SARASOTA, Fla. -- Thursday's mass shooting in Oregon rekindled concern for campus safety and conversations about Florida's "guns on campus" debate.
We asked students on the campus of New College of Florida if they would want the right to carry a gun. The ones we spoke to said they feel safe already, and worry that allowing guns on campus would jeopardize safety.
"I do not think it's a good idea. that would make me feel very unsafe if more people had guns on campus," said one New College student.
"I wouldn't be comfortable with students on this campus or any college campus having firearms," said another. "Because I think there's a really strong risk of people operating them or just messing around with them while not sober. I think it's a huge safety risk."
State Representative Greg Steube (R-Bradenton) argues that it's a student's right to have a weapon on campus, and he says that Second Amendment right is crucial in preventing school shootings.
"America's based on the freedom to be able to defend yourself, to defend others, and the inherent right to self defense; and for some reason, we have stripped that right as you enter a college campus," said Steube.
Steube says the incident in Oregon only "adds an exclamation point" to his argument, but Curt Lavarello of the School Safety Advocacy Council says the bill would only perpetuate the problem.

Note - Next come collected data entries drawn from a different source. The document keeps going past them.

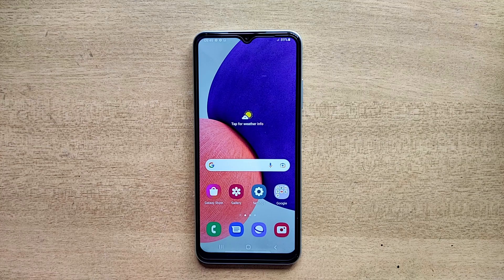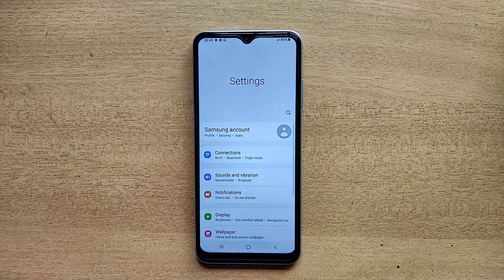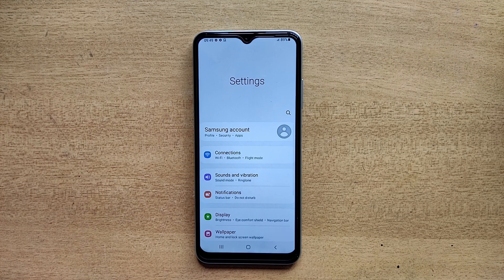Hello guys, welcome to ftopreview.com. In this video we are learning a very simple and quick tutorial of Samsung Galaxy mobile. Open your Settings application and please follow my steps to complete this tutorial.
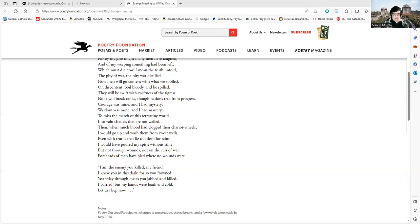I am the enemy you killed, my friend. I knew you in this dark, for so you frowned yesterday through me as you jabbed and killed. I parried but my hands were loath and cold. Let us sleep now.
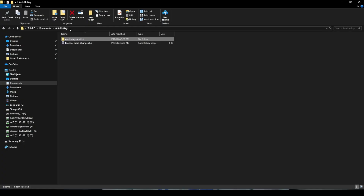When you installed AutoHotkey, it created a folder in your Documents. Go to your Documents and you'll see a folder called AutoHotkey. Double-click in there, copy the zip you downloaded for ControlMyMonitor into that folder, and unzip it there. It should create another folder called ControlMyMonitor and put the application inside that folder.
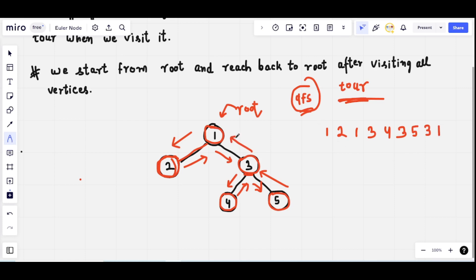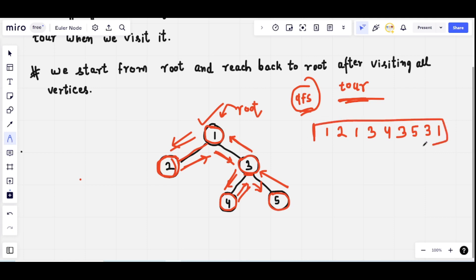Then we move back to node number three, store it, then move back to the root node and store it. We started from root node one, traversed edges one to two, back to one, then three, four, three, five, three, then back to node one. The order in which we traversed these nodes is the Euler Tour, represented by this tour array, and we are using DFS strategy to store this tour.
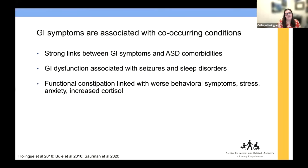GI symptoms often co-occur with a number of other conditions. There have been strong links with comorbidities like seizures or sleep disorders. Constipation has been linked with worse behavioral symptoms, with increased stress and anxiety, and with an increased cortisol response.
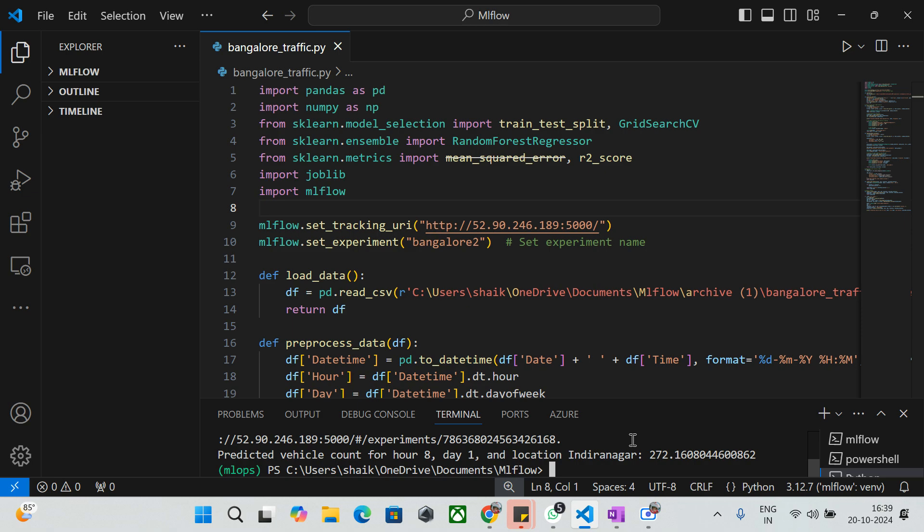You should have a basic understanding of machine learning and how to write machine learning code in Python when watching this video. I'll walk you through the source code and make it understandable in terms of how we can inject all those things into MLflow.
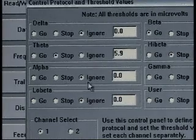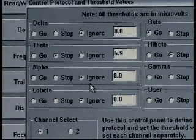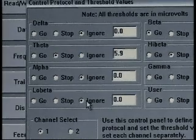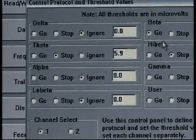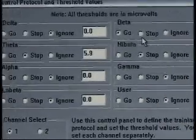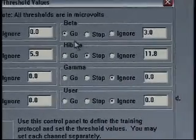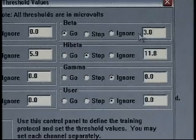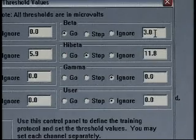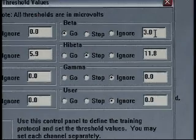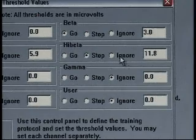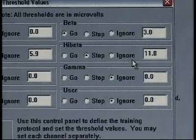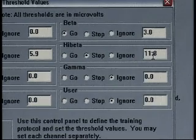As we scroll down to the next item, it's alpha. We see that's on ignore. Low beta is also on ignore. As we go up to the upper right hand side, we notice that beta is a go or a reward. Again, we see 3.0, not representing any Hertz or bandwidth. This just happened to be where the threshold ended last session. High beta happens to also be a stop or an inhibit, and again that threshold was 11.8.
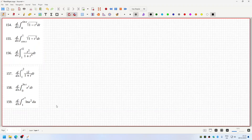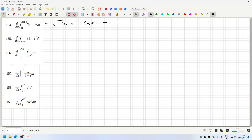Okay, let's have a look here. So, 154 — that would be root 1 minus sine squared x, times the derivative of sine, which is cos x. So, that would be cos x, cos x. This would be minus root 1 minus cos squared, times minus sine x.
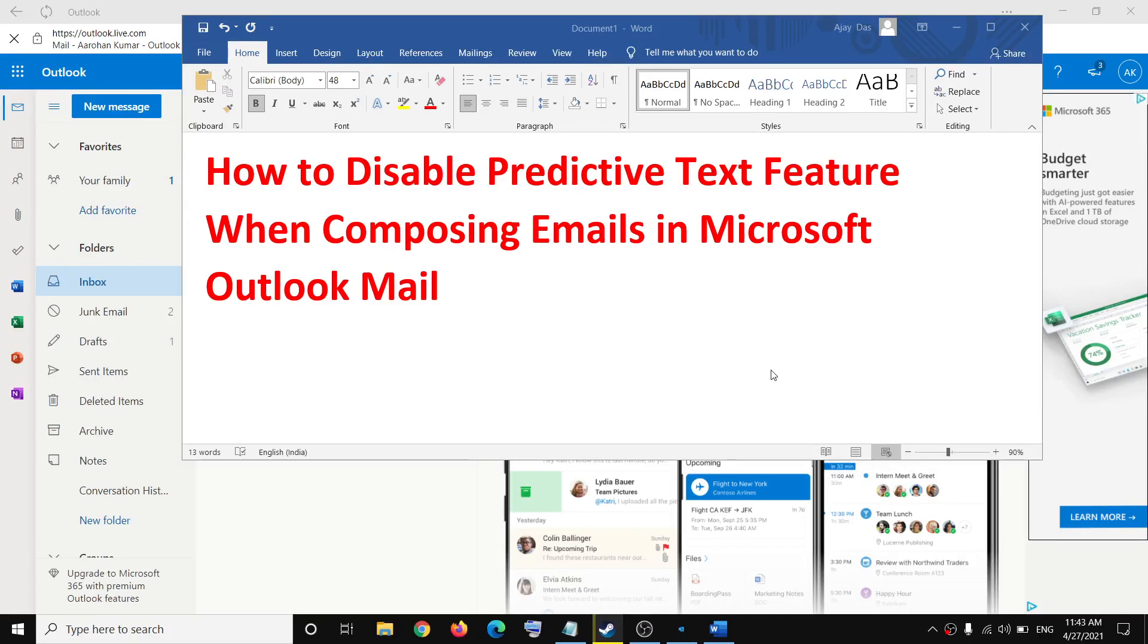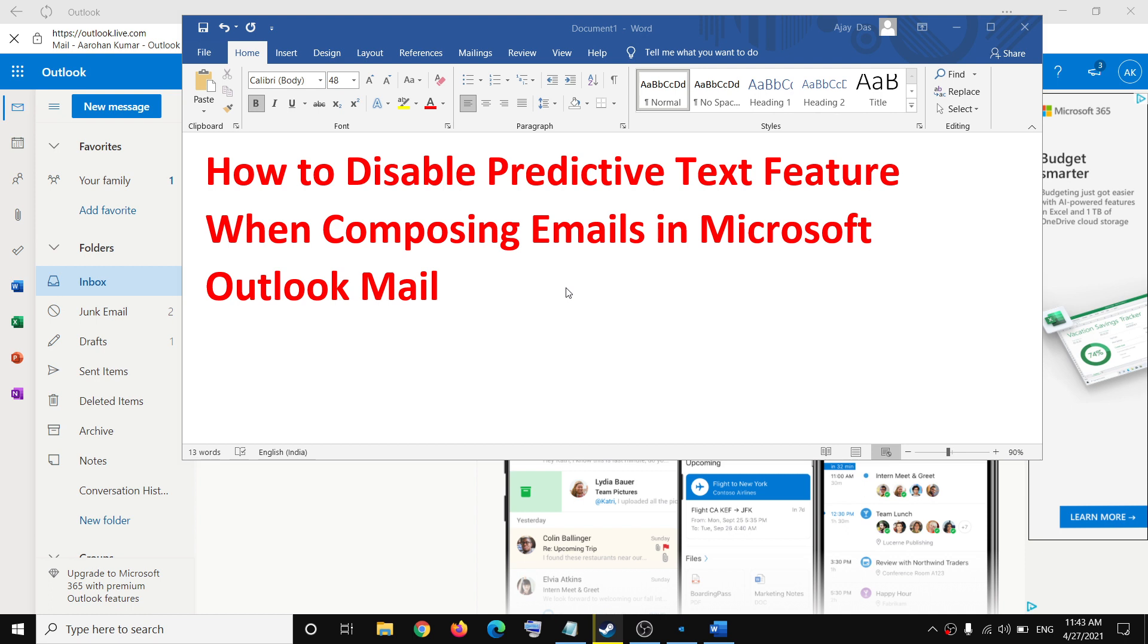Hello guys, welcome to my channel. Today in this video, I'm going to show you how to disable the predictive text feature when composing emails in Microsoft Outlook Mail. If it's providing you any kind of word suggestion and you want to disable that feature, please follow the steps shown in this video.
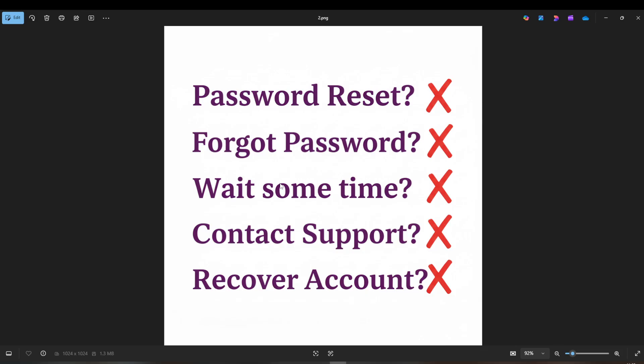After lots of trial and error, trying every conceivable fix from password resets to troubleshooting through different devices, I found the answer. Password resets were useless. Changing passwords or waiting didn't fix it. Even account recovery processes and attempts with two-factor authentication hit the same brick wall. Contacting support? No effective response.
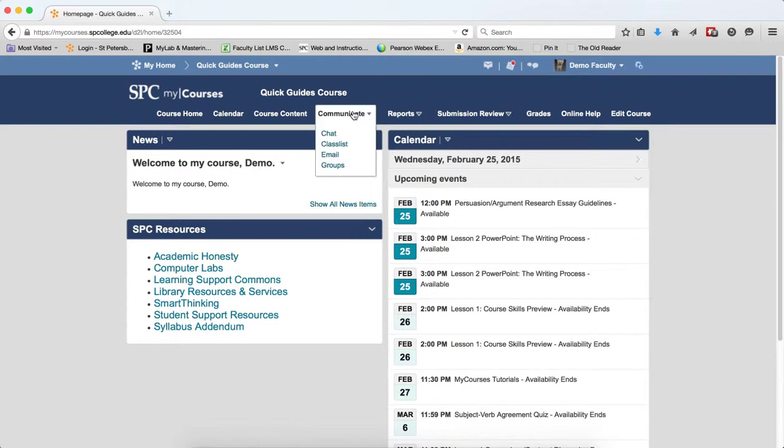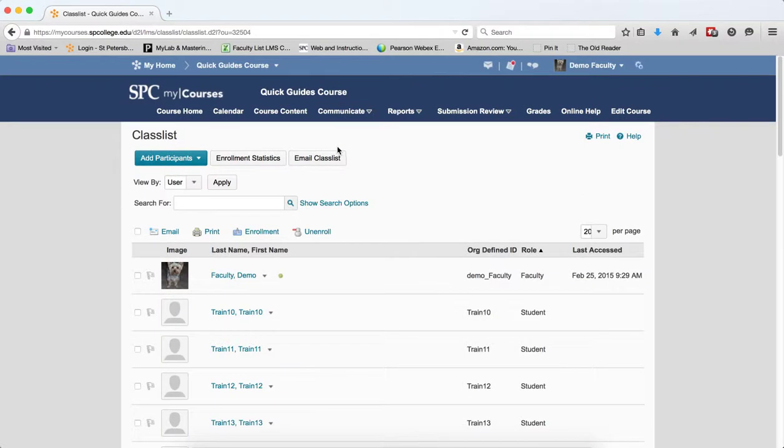Click on the Communicate tab on the navbar. Click Class List. Click the Enrollment Statistics button.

"We know one thing," said Lavarello, "we're not going to reduce school gun violence by bringing more guns."
He says it's instead important to focus our efforts on things like access to mental health treatment, as well as catching any red flags early on. He also says allowing guns on campuses may make it difficult for law enforcement to quickly identify the good guy and bad guy in the situation.
"The dynamics of a school shooting are very difficult already," said Lavarello. "I can't imagine being a police officer and having to respond to a school where the report is 'there's one bad armed person and 20 good armed people' and then having to make a split second decision."
But Steube argues that's a daily aspect of law enforcement's job.
"They do it everywhere else," he said. "In our state malls, shopping plazas, restaurants, so if they're trained to a handle a situation there, why can't they handle it on a college campus?"